►

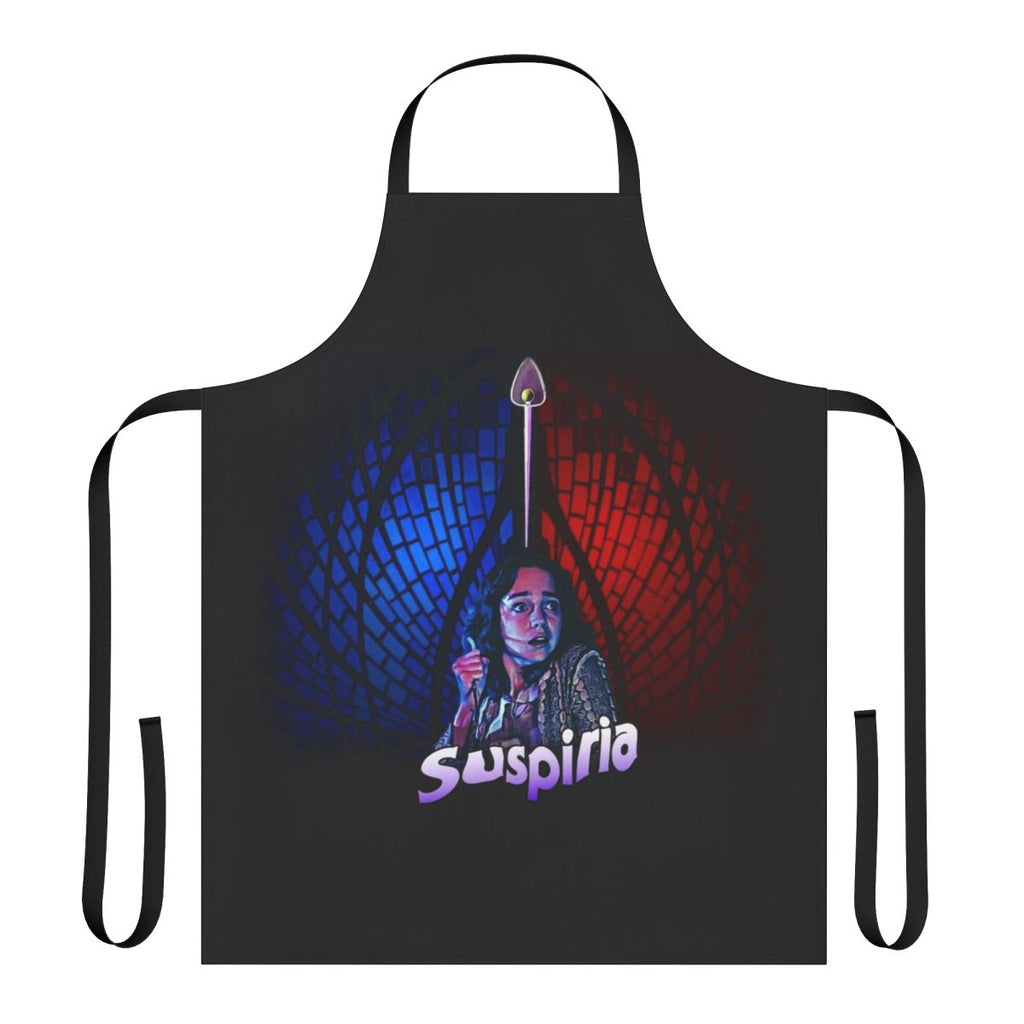 Suspiria-inspired horror-themed art apron in vivid technicolor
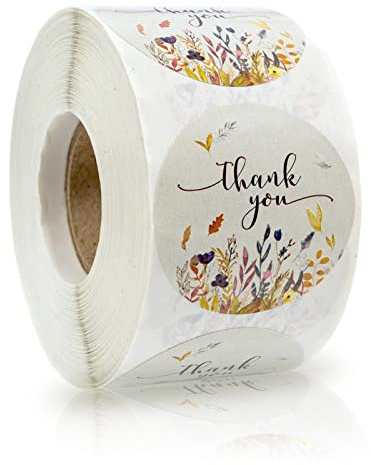jiuzcare Pegatinas Gracias Thank You Stickers 500 unidades, etiquetas adhesivas redondas de papel 3,8 cm, diseño floral botánico natural para paquetes, regalos, sobres, bolsas, tarjetas y detalles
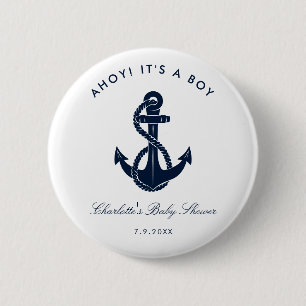 Nautic Navy Blue Anchor Baby Shooter Button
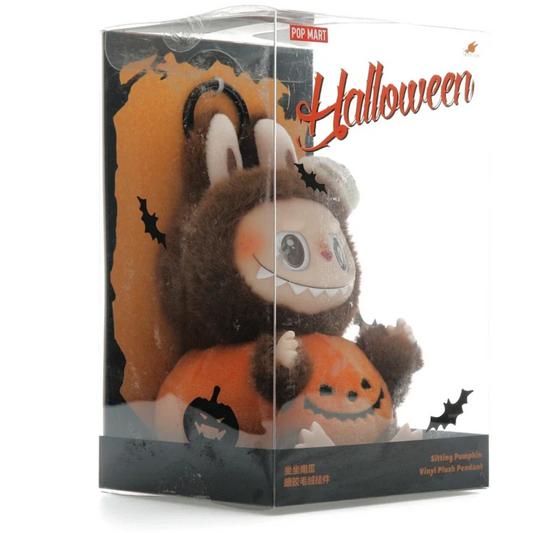 Pop Mart Labubu Happy Halloween Party Series-Sitting Pumpkin Vinyl Plush Pendant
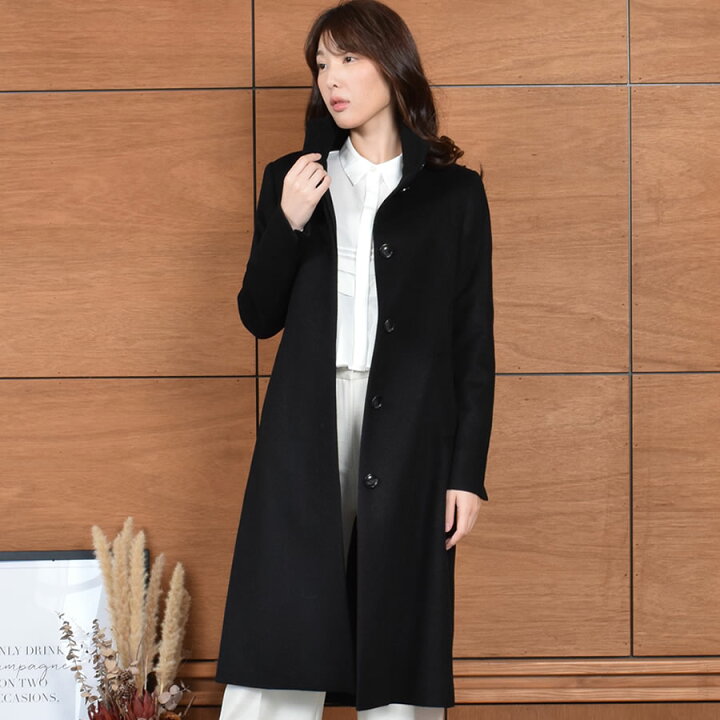楽天市場】スタンドカラー カシミヤ & ウール コート カシミア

◄

Word for word, repeat all of the entries above, leaving out the pictures.

Response below:
 Suspiria-inspired horror-themed art apron in vivid technicolor
jiuzcare Pegatinas Gracias Thank You Stickers 500 unidades, etiquetas adhesivas redondas de papel 3,8 cm, diseño floral botánico natural para paquetes, regalos, sobres, bolsas, tarjetas y detalles
 Nautic Navy Blue Anchor Baby Shooter Button
 Pop Mart Labubu Happy Halloween Party Series-Sitting Pumpkin Vinyl Plush Pendant
楽天市場】スタンドカラー カシミヤ & ウール コート カシミア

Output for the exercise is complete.